JRush episode 4th: Event streaming with Apache Pulsar
Transcript:
Let me introduce myself. I’m a Senior Developer Advocate at DataStax. Alex has already given an overview, so I won’t repeat that. Previously, I was a Developer Advocate at IBM, focusing on Java and open-source technologies, including WebSphere. I’m based in Chicago and am an active community builder, serving as a Java Champion and President/Executive Board Member of the Chicago Java Users Group. Before this, I worked as a development engineer and technical architect at various companies in the Chicago area.
Let’s move on quickly, as time is limited. This session aims to excite you about event streaming, Apache Pulsar, and how DataStax supports it. Here’s a quick agenda: First, we’ll align on what event streaming is. Even for seasoned developers, it can be confusing at first.

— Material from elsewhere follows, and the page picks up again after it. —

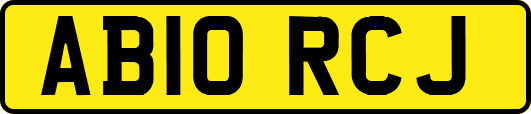 AB10RCJ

I’ll introduce the basic terms, discuss the value of event streaming, and explain how it improves systems.
Next, I’ll introduce Apache Pulsar—what makes it unique, why it’s worth considering, and some of its developer-friendly features. I’ll also cover the DataStax Managed Cloud Platform, which simplifies working with Pulsar. If time permits, I’ll do a quick demo. If not, I’ll share resources where you can watch live demonstrations.
Let’s start with the basics: what is an event? According to Merriam-Webster, an event is “something that happens—an occurrence.” In technical terms, it’s a point in space and time, with three spatial coordinates (X, Y, Z) and a time dimension. Events are immutable—they cannot be erased once they occur. For instance, the birth of a baby or a musical performance happens at a specific time.
Event-driven kind of way of describing messaging and then there's also message-driven in which the sender and receiver have to know each other—in other words, your address has to be known. So, that's kind of like the two differences. But they are a highly decoupled way of passing data from one point to another.
Now, let's take a look. An event is not a new thing. If you kind of look at the event approach, it's basically an event happens, and then you immediately process it. The more traditional way is batch processing. Batch processing has its place in the computing world—you gather all the data that's there and, when you're ready, batch them all up and send them in one batch. That's why it's called batch processing. It has specific uses in our computing world, but, as you can see, with events, you're able to process it right away. The advantage is the real-time aspect of it.
Now let's look at the patterns again. The event-driven kind of way is essentially streaming too, which is "pub-sub." That's very much an architectural pattern. Basically, your client will send the data to the topic. Your publishing client sends it to the topic, and the broker owns the topic and delivers it to whoever subscribes to the topic. When the messages arrive at the topic, the broker delivers them accordingly to the subscribers.
There’s another way: message queuing, which is a form of asynchronous service-to-service communication. It’s a bit more like the sender sending data to some queues. Once it gets into the queue, the receiver picks up the messages from the queue. Once the messages are picked up, they’re gone from the queue.
Event streaming is a step beyond event messaging. What’s driving the change is the need for real-time data to enhance customer experiences and create a competitive advantage. Delivering results to users faster is crucial. Today, with AI and machine learning applications, building data pipelines is essential. Event streaming supports scalability—it enables systems to ingest high volumes of data during peak times and scale back dynamically. Built-in mechanisms handle backpressure to prevent system overload.
Event streaming allows systems to watch for events and act immediately without waiting. Subscribing to specific topics ensures efficiency and low latency in processing high-frequency messages. Comparing traditional batch processing (e.g., ETL processes) to modern event streaming highlights the shift. Batch processing deals with huge data volumes but takes time as it involves disk I/O operations. In contrast, event streaming processes data in memory in real time, transforming it before outputting to a sink.
Now, let’s talk about Apache Pulsar. Pulsar is an open-source software created by Yahoo and later donated to Apache in 2016. It’s designed to be cloud-native, supporting multi-tenancy and separating compute from storage. Pulsar brokers handle message delivery, and Apache BookKeeper manages message storage efficiently. This separation simplifies scalability and ensures message reliability with features like deduplication and retry mechanisms.
Pulsar also includes serverless "Pulsar Functions" for lightweight, real-time data transformation and processing. It supports offloading less active messages to cost-effective storage options like S3 buckets or Google Cloud Storage, improving sustainability and cost efficiency. Pulsar is compatible with multiple programming languages, including Java, Python, Go, and more.
Pulsar’s architecture separates compute and storage, unlike Apache Kafka. This segmentation allows efficient log management, improving scalability. Pulsar also integrates with existing systems like Kafka, JMS, and RabbitMQ through Starlight APIs, ensuring compatibility during migration. It offers features like geo-replication for disaster recovery and Pulsar IO for building efficient data pipelines.
At DataStax, we offer Astro Streaming, a managed Pulsar platform for quick deployment, proof-of-concept projects, and scalability. Open-source Pulsar and enterprise support options are also available. Pulsar has a rich ecosystem of connectors and clients, making it a versatile unifying platform for messaging, streaming, and queuing.